ACTIVITY:
Reproduction of part of the material below, pictures omitted: copy exactly, and only, the lines starting with the one with "Next Baby Jersey" and going on through the one with "NWT Christmas Red".

___ MATERIAL PROVIDED ___

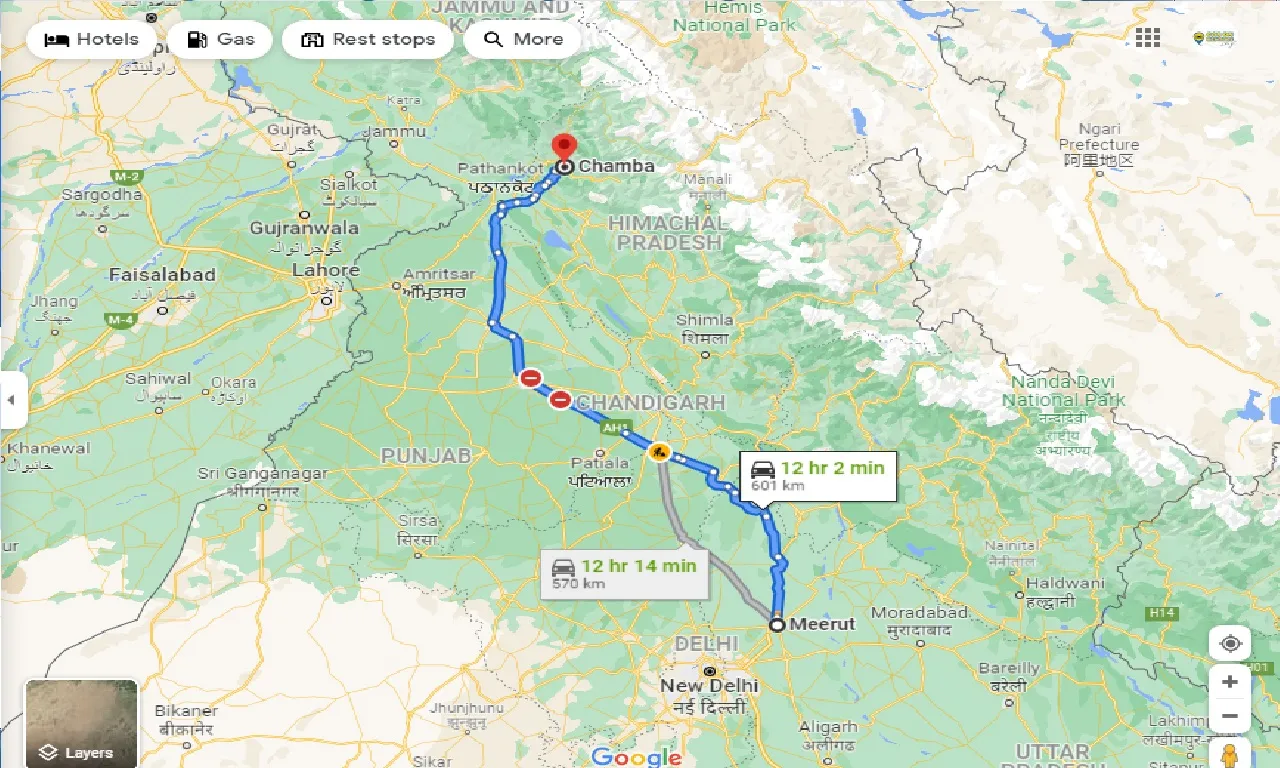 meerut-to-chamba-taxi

___
___ MATERIAL PROVIDED ___

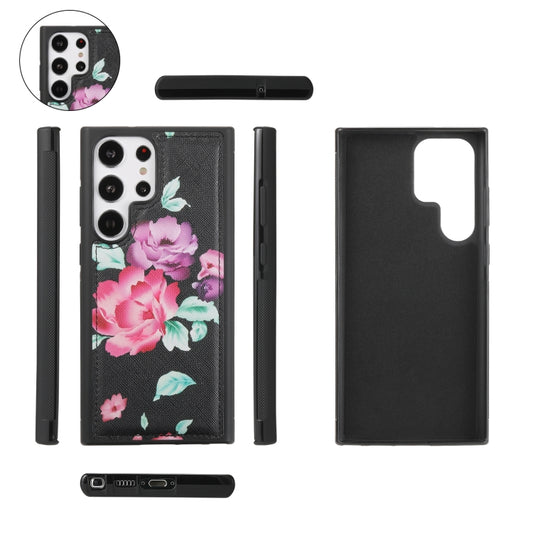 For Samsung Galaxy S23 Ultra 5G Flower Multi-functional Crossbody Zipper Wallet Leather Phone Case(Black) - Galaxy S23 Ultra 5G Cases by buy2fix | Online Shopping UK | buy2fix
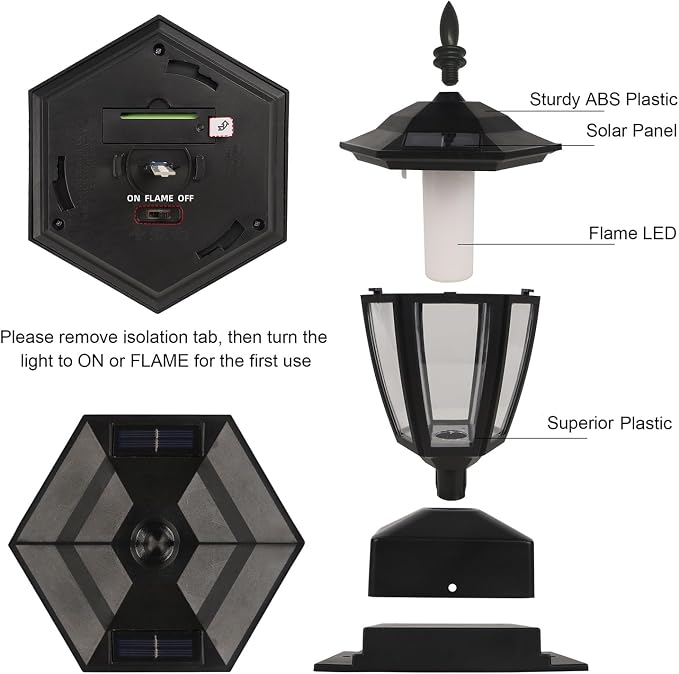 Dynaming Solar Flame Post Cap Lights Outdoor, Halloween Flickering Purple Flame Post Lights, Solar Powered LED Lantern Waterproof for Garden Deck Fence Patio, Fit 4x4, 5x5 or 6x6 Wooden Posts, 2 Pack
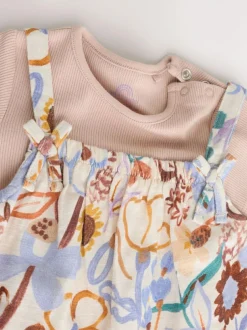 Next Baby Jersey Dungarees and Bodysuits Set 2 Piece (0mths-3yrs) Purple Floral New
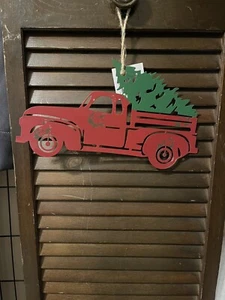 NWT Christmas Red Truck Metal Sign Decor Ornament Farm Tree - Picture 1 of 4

___

ANSWER SECTION:
 Next Baby Jersey Dungarees and Bodysuits Set 2 Piece (0mths-3yrs) Purple Floral New
 NWT Christmas Red Truck Metal Sign Decor Ornament Farm Tree - Picture 1 of 4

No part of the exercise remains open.